Secondary Schools Association president Peter Gall said the Government would have to carefully consider the implications of electronically monitoring school-aged criminals.

"A lot of thought needs to go into it. There could be discrimination against a student either way. They might wear the bracelet as a status symbol, and attract attention for their notoriety.

"Or they might face pressure from students because they are identified as a criminal."

The boot camps will run for three months, with 10 offenders in each intake, and will be followed by nine months of support and mentoring.

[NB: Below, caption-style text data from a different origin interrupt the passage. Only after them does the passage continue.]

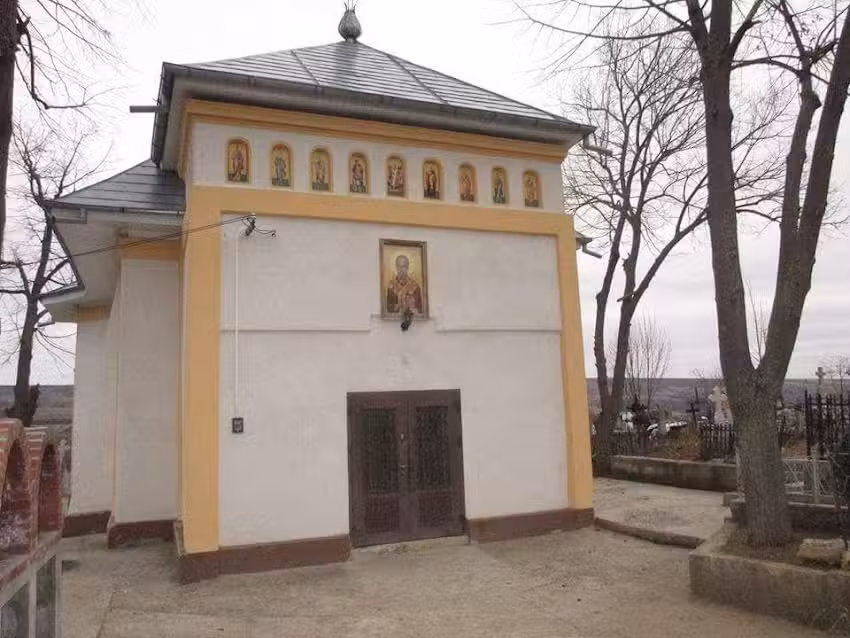 Biserica Sf Nicolae Ibanesti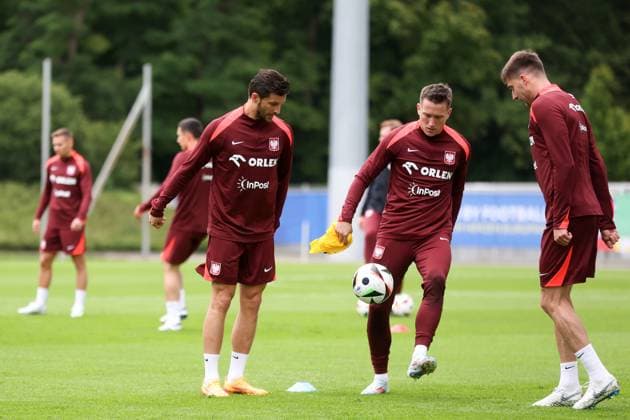 EURO 2024, Nationalteam Polen, Training HANOWER 13.06.2024 TRENING REPREZENTACJI POLSKI NA EURO 2024 --- POLISH FOOTBALL national team, Nationalteam TRAINING SESSION ON EURO 2024 IN HANOVER BARTOSZ BERESZYNSKI PIOTR ZIELINSKI TARAS ROMANCZUK FOT. PIOTR KUCZA FOTOPYK NEWSPIX.PL --- Newspix.pl  240613PYK084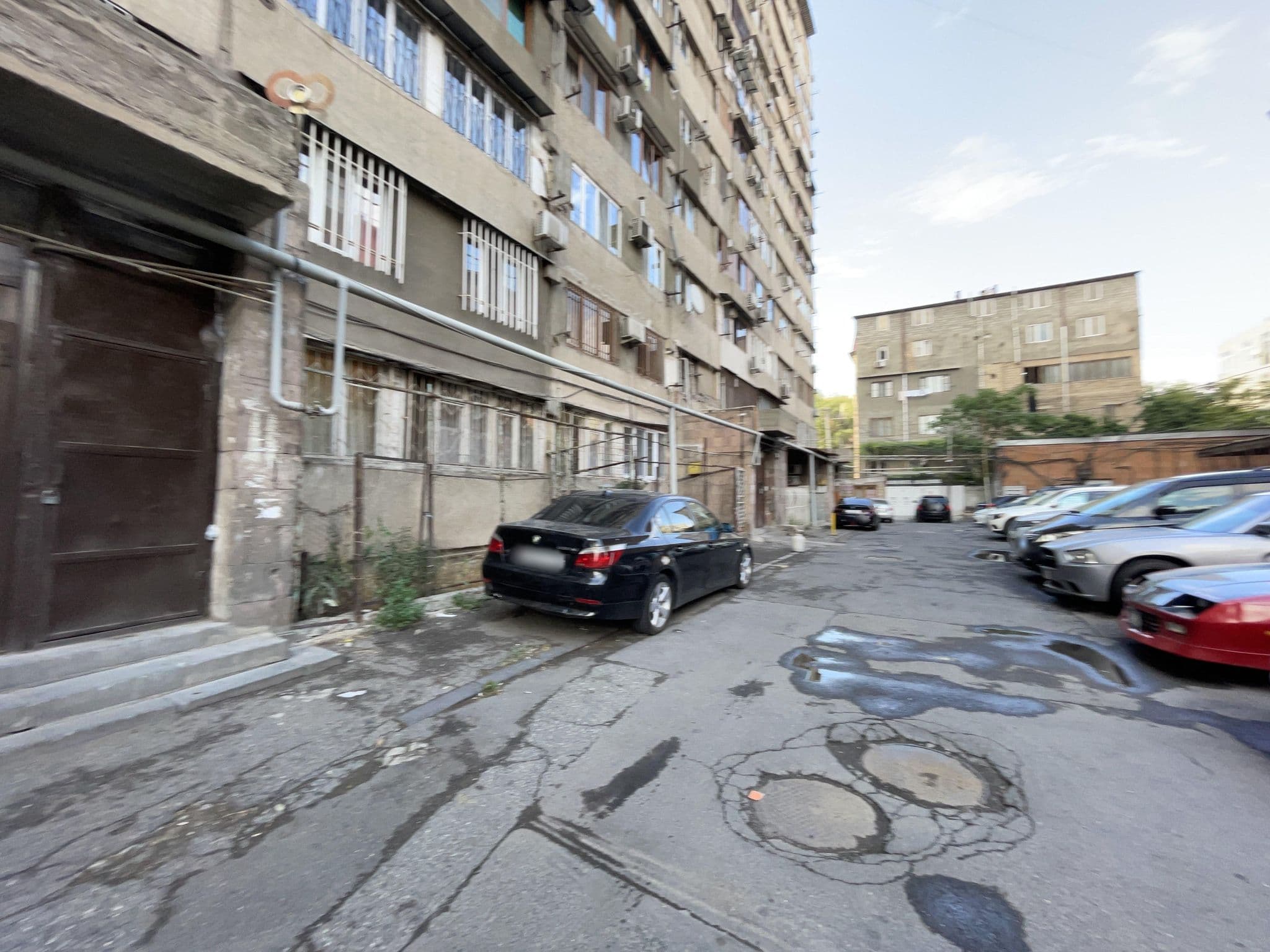 Street view near Mashtots Hotel, Kentron — © orofarne (CC BY-SA · Mapillary)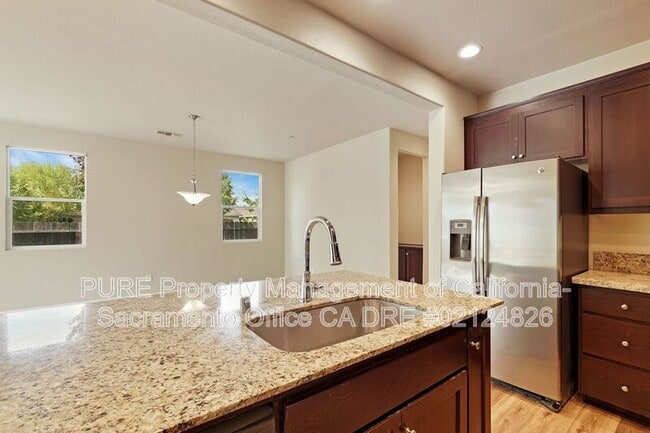 Building Photo - 5500 Amnest Way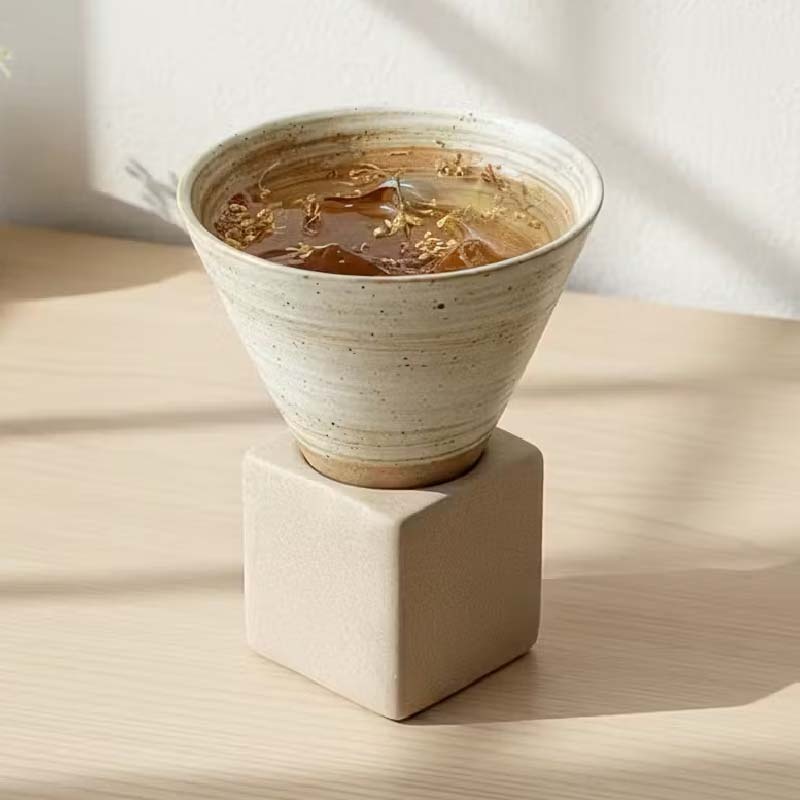 漸變白×摩卡棕粗陶咖啡杯200ml一對連底座 – 復古漏斗形設計 - Image 6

The Defence Force will help develop the camps, although the Government could not say who will run them, what the regime might entail or where they would be based.

Judges will decide who goes to the camps, but the Government wants it aimed at those on their "last chance" with the court.

Labour attacked the boot camps as having previously been found to have a 92 per cent reoffending rate and producing "better, faster criminals".

Mr Key said he accepted that boot camps could be unsuccessful when in isolation and for a short time, "but we don't accept it when it's part of a more comprehensive approach".

The legislation - estimated to cost $35 million a year - will be introduced to Parliament this week, but Social Development Minister Paula Bennett said the boot camps would not be operational until after April next year.

Ms Bennett said there were safety considerations, as "it's not like you can just go down to an army camp and set it up".

Youth Court residential sentences will be a next-tier punishment, below boot camp.

The Government believes all young offenders will be able to be kept in custody or on programmes.

A 30-bed youth justice facility is due to be completed in Rotorua, and 10 more beds are to be added at the Palmerston North unit, creating a total of 150 youth custody places by December.

The Government says it will raise the yearly places on supervision with activity programmes from 125 to 175 to accommodate the new orders.

It is these programmes that will require a military-style component.

Mr Key made a big play of boot camps in his state of the nation speech last year, and the "1000 ticking time bombs" of youth offenders on the streets.

Asked if 40 young people on boot camps a year was a small number, Mr Key said the next tier of programmes meant military-style discipline would reach "hundreds".

Other initiatives include compulsory parenting education orders.